* RECORDS PROVIDED
►
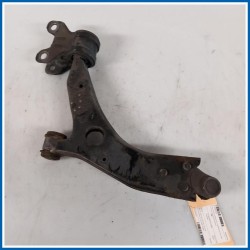 Braccio oscillante BRACCIO CONTROLLO | dx. | ant. VOLVO V40 II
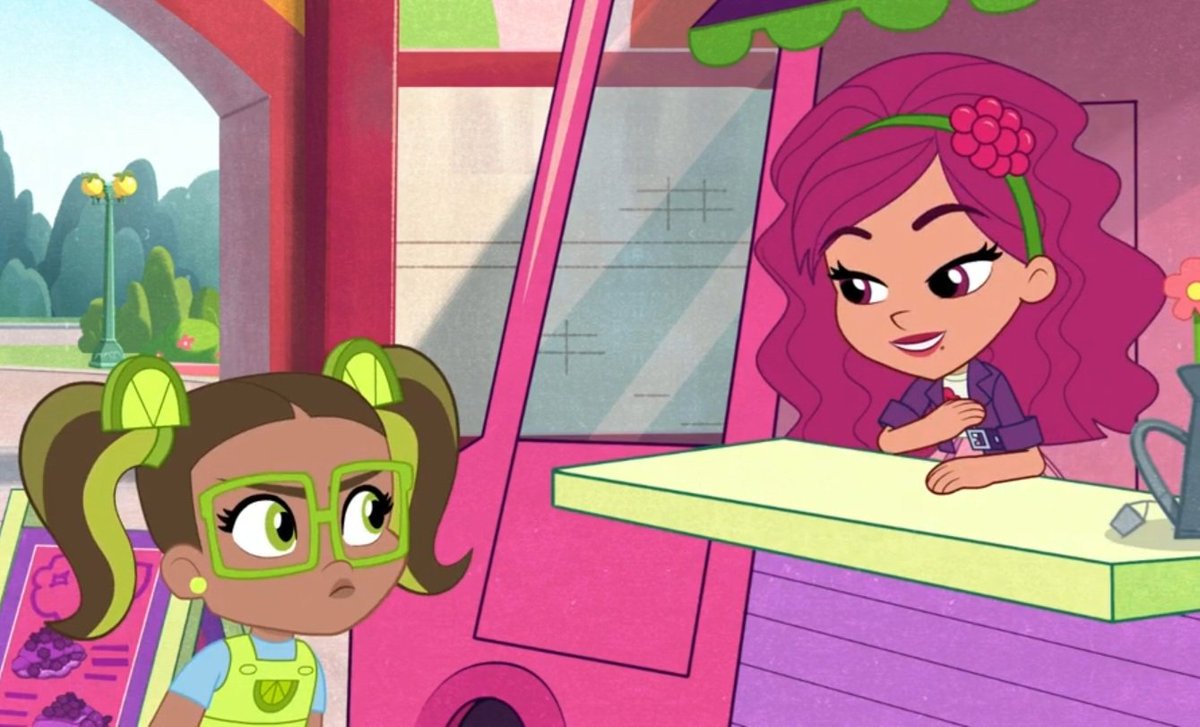 Appleblossom199's tweet image. Day 357: 
Even our enemies of yesterday will be our friends in future
So you&apos;ve got to live life grabbing all the happiness you can (Go go let&apos;s go!)
#DailyRaspberryTart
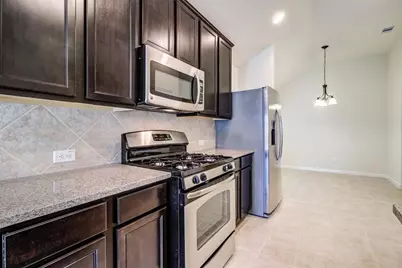 15514 Chaco Canyon Dr, Cypress, TX 77429 - Photo 9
◄
* TASK DESCRIPTION
Restate, word for word, each line from the one with "So you&apos;ve got" to the end of the entries, both included, and keep every picture out.

* TASK RESULT
So you&apos;ve got to live life grabbing all the happiness you can (Go go let&apos;s go!)
#DailyRaspberryTart
 15514 Chaco Canyon Dr, Cypress, TX 77429 - Photo 9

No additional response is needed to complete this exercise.